■ Supplied information ■
........

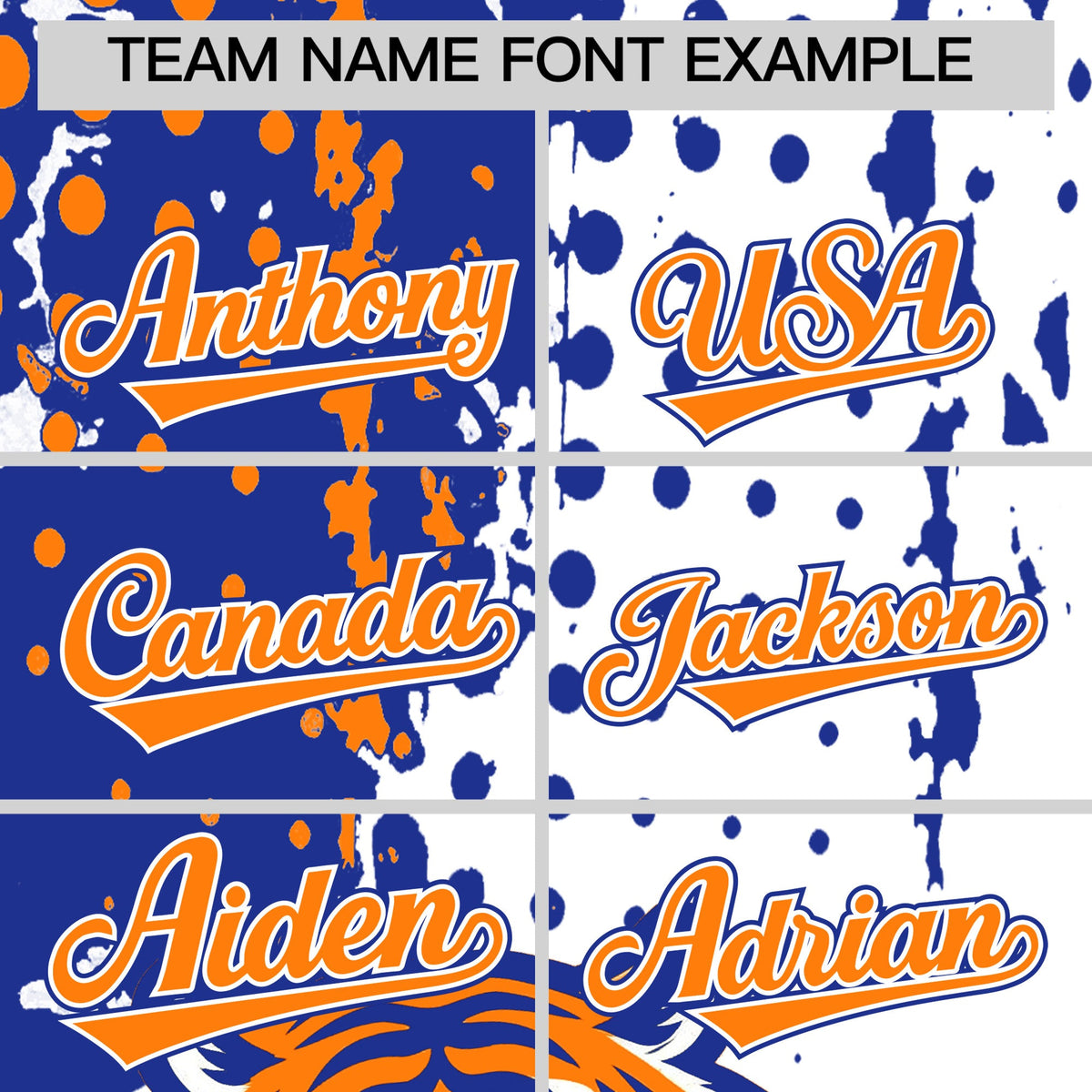 Custom White Royal Blue Orange Full-Snap Graffiti Pattern Tiger Graffiti Jersey Baseball Jersey| KXKSHOP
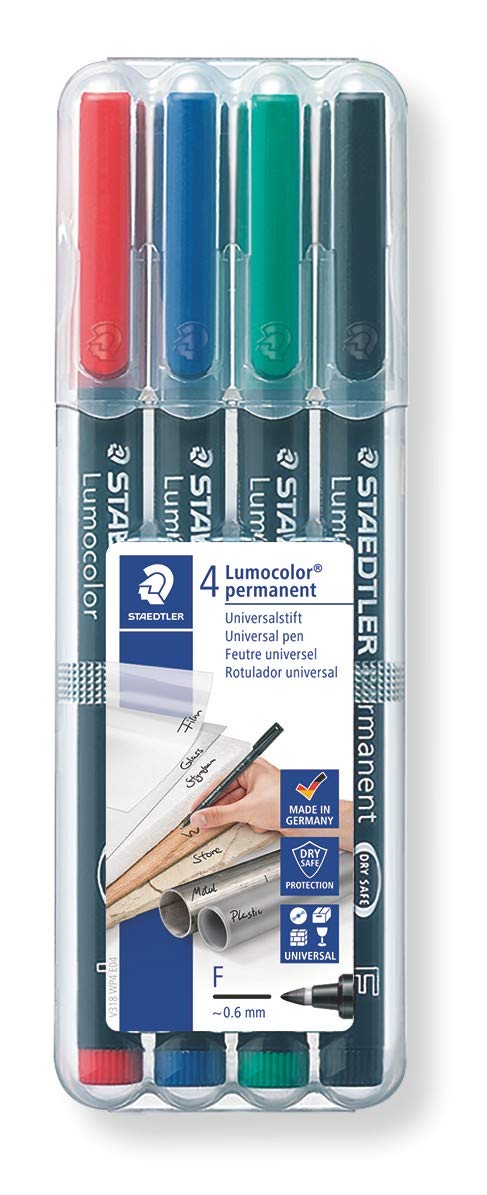  [AUSTRALIA] - Staedtler 318-WP4 Lumocolor Permanent Universal Pens, Fine Point, 0.6mm, Assorted, 4 per Set 1 0.6 mm line Width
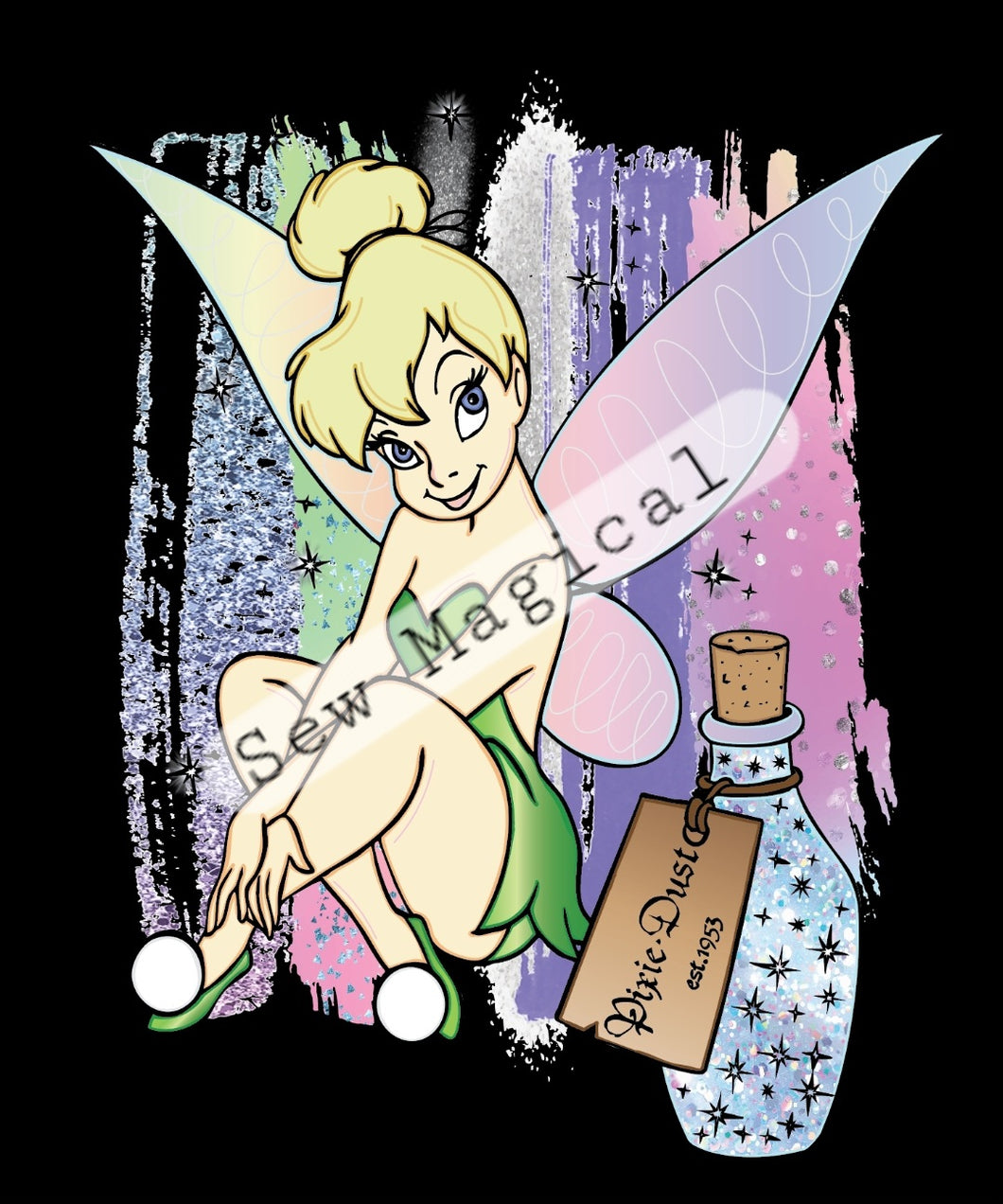 Tinkerbell Dust Blk 1 Yard Panel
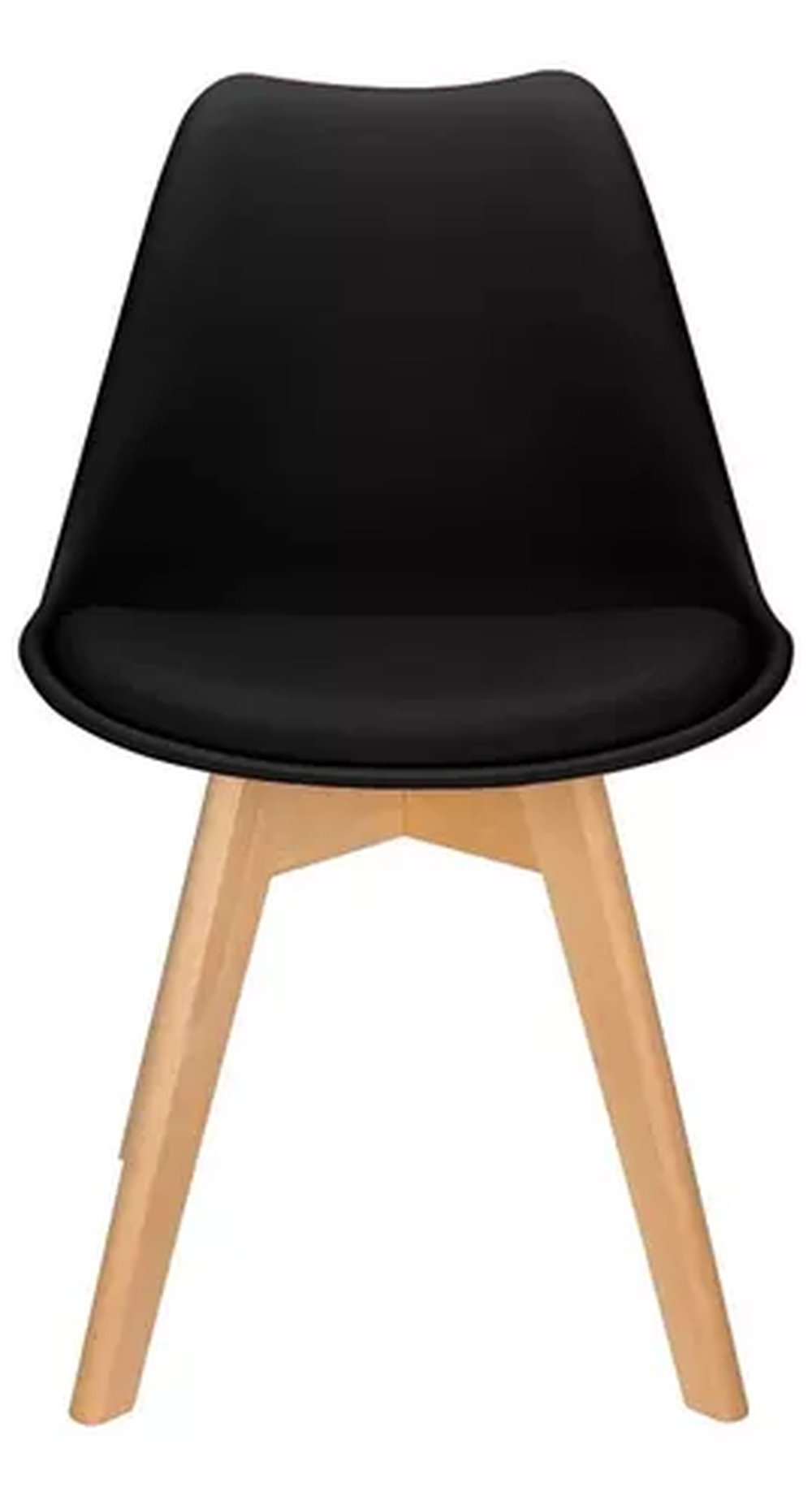 Kit com 4 Cadeiras Leda Preta - Charles Eames com Almofada - 4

........

■ What the task asks ■
Could you transcribe all of the data exactly, keeping every picture out of the copy?

■ Answer below ■
 Custom White Royal Blue Orange Full-Snap Graffiti Pattern Tiger Graffiti Jersey Baseball Jersey| KXKSHOP
  [AUSTRALIA] - Staedtler 318-WP4 Lumocolor Permanent Universal Pens, Fine Point, 0.6mm, Assorted, 4 per Set 1 0.6 mm line Width
 Tinkerbell Dust Blk 1 Yard Panel
 Kit com 4 Cadeiras Leda Preta - Charles Eames com Almofada - 4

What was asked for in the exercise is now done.